Knightscope, a tech company that boasts an extensive range of security robot models, claims that their line of products gives law enforcement “superhuman” eyes and ears. Using an array of observational data from lasers and heat and motion sensors, the robots roll through city streets, college campuses and corporate holdings and alert the authorities when they detect a crime.

Knightscope charges $7 an hour to rent out one of their drones, which you may notice is less than minimum wage, undercutting the need for a company to pay a human being to be a security guard. The robots cannot intervene physically—the only thing they do is put out a call to the police. So where a security guard might gently ask a homeless person to leave an area near a business, this robot immediately gets the cops involved.

Apparently, the San Francisco SPCA, an animal advocacy group, thought one of these robots was the ideal solution to their problem with homeless people. Business Insider reports the SPCA enlisted the robot to break up homeless encampments on the street near their building, which they say were creating unsafe conditions for their workers. But don’t worry—when the robot rolls around ensuring homeless people can’t stay in one place, it has a picture of a cute little dog on it! Thanks, SPCA.

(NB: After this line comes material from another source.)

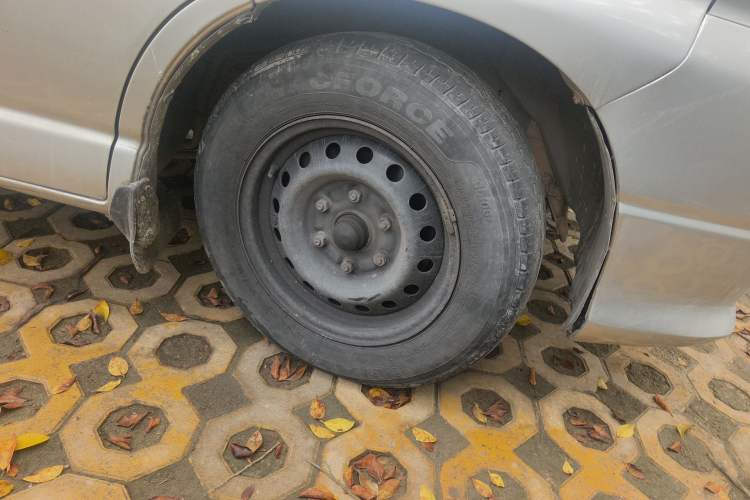 Used Jinbei Grace 2016 2.0L Standard Delivery Version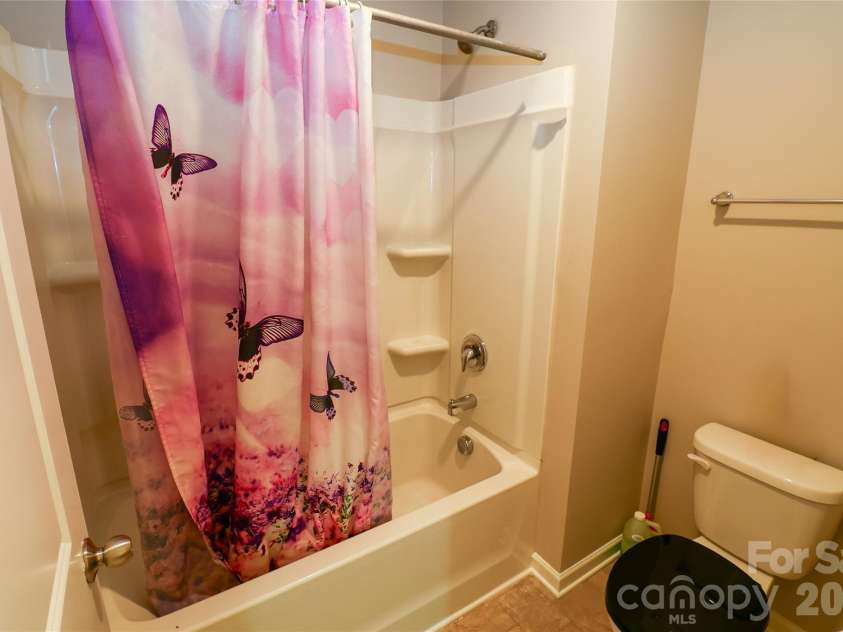 109 Americana Drive, Mooresville, NC 28115.  MLS# CAR4399467, YatesRealty ID 36861.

SPCA echoes Knightscope in saying the robots help to prevent crime. Never mind that The Washington Post points out that overpolicing leads to more racial resentment, not less crime—the SPCA say there have been fewer car break-ins in the area, so we suppose that means it’s all okay. Never mind that the cost of housing homeless people in San Francisco has been decreasing every year, the people of this technologically advanced, ideologically progressive city would much rather buy robots to keep them away.

This is a news story that could only come out of Silicon Valley. Rather than engage with homeless people or find a better, more human way to work out their problems, they throw money at a tech startup for a machine to do the work for them. San Francisco the city might be working to get better at helping its houseless people, but businesses and advocacy groups can’t be relied to feel enough empathy to do the same.

Business Insider reports the robot deployed by the SPCA has been vandalized multiple times in the month since its first use. The city of San Francisco ordered the SPCA to keep the robot off the streets or pay a fine of $1,000 for operating it without a permit.